Updated 9:42am 25 November 2012

Morning news headlines for November 15, 2012

IDS vows to tackle child poverty

IAIN Duncan Smith will today seek to reassure critics that he is committed to ending child poverty but insist that “meaningful and accurate” measures must replace “arbitrary” household income targets.

The Work and Pensions Secretary will launch a consultation on controversial plans to move away from the poverty indicator introduced by Labour, which defines it as those children living in households with less than 60% of the median income.

Campaigners are concerned that the Government is trying to duck commitments to ending child poverty by 2020, but Mr Duncan Smith will say new measures are needed to take into account issues like worklessness, debt and family breakdown which underlie child poverty.

New drug found ‘every week’ in EU

A NEW drug is reported in Europe at a rate of about one every week, according to a report.

Some 50 new substances have already been detected this year, the European Monitoring Centre for Drugs and Drug Addiction (EMCDDA) said, with new drugs reported in the EU at the rate of around one per week.

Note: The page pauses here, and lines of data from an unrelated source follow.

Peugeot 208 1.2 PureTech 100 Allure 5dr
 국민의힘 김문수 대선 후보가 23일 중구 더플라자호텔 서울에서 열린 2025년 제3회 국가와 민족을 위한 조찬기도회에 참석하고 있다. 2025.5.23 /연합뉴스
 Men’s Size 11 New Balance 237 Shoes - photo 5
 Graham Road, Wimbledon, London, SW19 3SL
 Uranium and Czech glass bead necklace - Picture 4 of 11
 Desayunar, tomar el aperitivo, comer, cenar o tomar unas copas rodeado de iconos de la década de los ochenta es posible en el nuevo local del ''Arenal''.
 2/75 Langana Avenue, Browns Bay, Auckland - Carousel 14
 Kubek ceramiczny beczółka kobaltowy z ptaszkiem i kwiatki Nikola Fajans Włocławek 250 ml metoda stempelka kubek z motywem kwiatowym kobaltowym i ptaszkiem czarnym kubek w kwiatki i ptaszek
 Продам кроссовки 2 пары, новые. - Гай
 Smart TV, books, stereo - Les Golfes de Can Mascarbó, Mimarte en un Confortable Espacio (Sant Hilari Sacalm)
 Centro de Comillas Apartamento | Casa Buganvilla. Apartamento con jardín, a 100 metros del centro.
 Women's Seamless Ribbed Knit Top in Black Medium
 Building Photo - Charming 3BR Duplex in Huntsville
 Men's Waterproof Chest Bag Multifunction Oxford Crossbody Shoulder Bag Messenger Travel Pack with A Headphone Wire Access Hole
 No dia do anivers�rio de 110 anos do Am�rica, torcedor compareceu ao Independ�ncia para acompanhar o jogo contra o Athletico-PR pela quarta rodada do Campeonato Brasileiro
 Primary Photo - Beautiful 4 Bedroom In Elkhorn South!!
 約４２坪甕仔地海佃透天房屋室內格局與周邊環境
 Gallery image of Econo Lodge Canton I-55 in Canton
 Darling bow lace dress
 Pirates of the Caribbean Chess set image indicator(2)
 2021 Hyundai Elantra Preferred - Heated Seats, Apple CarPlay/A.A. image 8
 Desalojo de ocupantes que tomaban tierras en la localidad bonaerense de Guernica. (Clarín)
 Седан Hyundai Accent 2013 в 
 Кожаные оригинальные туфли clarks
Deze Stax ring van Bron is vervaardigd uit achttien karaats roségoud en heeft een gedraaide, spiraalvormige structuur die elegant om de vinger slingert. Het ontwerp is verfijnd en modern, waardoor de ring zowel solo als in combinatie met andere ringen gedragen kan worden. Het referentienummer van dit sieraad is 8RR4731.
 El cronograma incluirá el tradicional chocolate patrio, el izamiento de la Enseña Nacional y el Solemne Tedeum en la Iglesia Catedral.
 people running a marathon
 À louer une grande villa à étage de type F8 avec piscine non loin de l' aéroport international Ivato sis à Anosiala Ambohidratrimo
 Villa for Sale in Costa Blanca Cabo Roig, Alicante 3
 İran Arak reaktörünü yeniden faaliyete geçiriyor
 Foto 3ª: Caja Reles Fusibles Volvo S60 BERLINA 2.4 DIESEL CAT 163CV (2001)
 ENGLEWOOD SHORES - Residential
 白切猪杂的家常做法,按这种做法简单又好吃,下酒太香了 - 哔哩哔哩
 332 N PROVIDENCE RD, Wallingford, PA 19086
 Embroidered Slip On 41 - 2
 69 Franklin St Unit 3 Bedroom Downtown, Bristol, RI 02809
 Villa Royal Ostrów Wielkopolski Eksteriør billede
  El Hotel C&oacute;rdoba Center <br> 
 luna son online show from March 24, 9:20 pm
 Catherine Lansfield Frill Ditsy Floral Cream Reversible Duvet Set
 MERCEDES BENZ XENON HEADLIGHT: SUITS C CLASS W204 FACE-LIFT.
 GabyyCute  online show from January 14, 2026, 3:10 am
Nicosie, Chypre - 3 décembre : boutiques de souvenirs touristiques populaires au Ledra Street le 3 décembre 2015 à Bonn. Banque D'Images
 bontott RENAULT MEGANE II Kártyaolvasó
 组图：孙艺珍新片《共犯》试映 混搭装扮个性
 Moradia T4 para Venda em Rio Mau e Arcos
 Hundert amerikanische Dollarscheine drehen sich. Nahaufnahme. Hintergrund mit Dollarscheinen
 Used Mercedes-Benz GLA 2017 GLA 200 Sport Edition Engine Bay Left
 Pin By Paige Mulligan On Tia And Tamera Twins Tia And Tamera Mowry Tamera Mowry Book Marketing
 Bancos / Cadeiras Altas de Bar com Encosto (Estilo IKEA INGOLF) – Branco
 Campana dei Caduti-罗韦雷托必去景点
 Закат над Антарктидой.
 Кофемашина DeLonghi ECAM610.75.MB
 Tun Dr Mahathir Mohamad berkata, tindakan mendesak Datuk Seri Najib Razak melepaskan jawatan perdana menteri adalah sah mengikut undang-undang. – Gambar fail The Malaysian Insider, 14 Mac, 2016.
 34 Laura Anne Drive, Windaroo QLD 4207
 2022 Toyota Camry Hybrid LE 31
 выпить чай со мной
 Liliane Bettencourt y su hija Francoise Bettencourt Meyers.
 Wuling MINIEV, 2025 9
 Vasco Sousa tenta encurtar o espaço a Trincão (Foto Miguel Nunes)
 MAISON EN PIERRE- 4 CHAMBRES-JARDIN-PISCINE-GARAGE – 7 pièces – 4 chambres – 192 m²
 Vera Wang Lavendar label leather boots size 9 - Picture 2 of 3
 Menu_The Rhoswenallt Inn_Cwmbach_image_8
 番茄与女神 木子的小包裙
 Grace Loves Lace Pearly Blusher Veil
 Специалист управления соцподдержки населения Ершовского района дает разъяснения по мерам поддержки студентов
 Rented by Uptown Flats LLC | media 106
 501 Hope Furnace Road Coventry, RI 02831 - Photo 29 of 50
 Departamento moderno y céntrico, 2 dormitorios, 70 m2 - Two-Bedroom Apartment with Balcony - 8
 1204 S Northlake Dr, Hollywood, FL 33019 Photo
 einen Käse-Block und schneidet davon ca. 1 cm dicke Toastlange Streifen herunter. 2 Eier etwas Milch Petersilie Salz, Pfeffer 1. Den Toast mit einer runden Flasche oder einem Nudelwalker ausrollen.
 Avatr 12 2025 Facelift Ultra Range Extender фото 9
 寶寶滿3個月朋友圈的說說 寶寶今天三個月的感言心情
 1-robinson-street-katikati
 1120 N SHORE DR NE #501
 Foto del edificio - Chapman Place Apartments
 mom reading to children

A total of 49 new “psychoactive” substances were officially notified for the first time last year, the EMCDDA said  – the largest number reported in a single year, up from 41 in 2010, and 24 in 2009.

Defence chief warns of cuts impact

THE head of the armed forces has warned he cannot do everything ministers would like in the wake of the Government’s defence cuts.

Chief of the Defence Staff General Sir David Richards said ministers’ demands had not been revised to correspond with the reduced size of the armed forces.

“We have a whole load of tasks expected of us,” he said in an Oxford University lecture quoted by the Daily Telegraph.

Xi takes reins in China transition

XI JINPING became China’s new leader today, assuming the top posts in the Communist Party and the powerful military in a political transition unbowed by scandals, a slower economy and public demands for reforms.

Mr Xi was introduced as the new party general secretary at Beijing’s Great Hall of the People a day after the close of a week-long party congress that underlined the communists’ determination to remain firmly in power.

He and the six other men who will form China’s new collective leadership, all dressed in dark suits, walked in line on to the red-carpeted stage.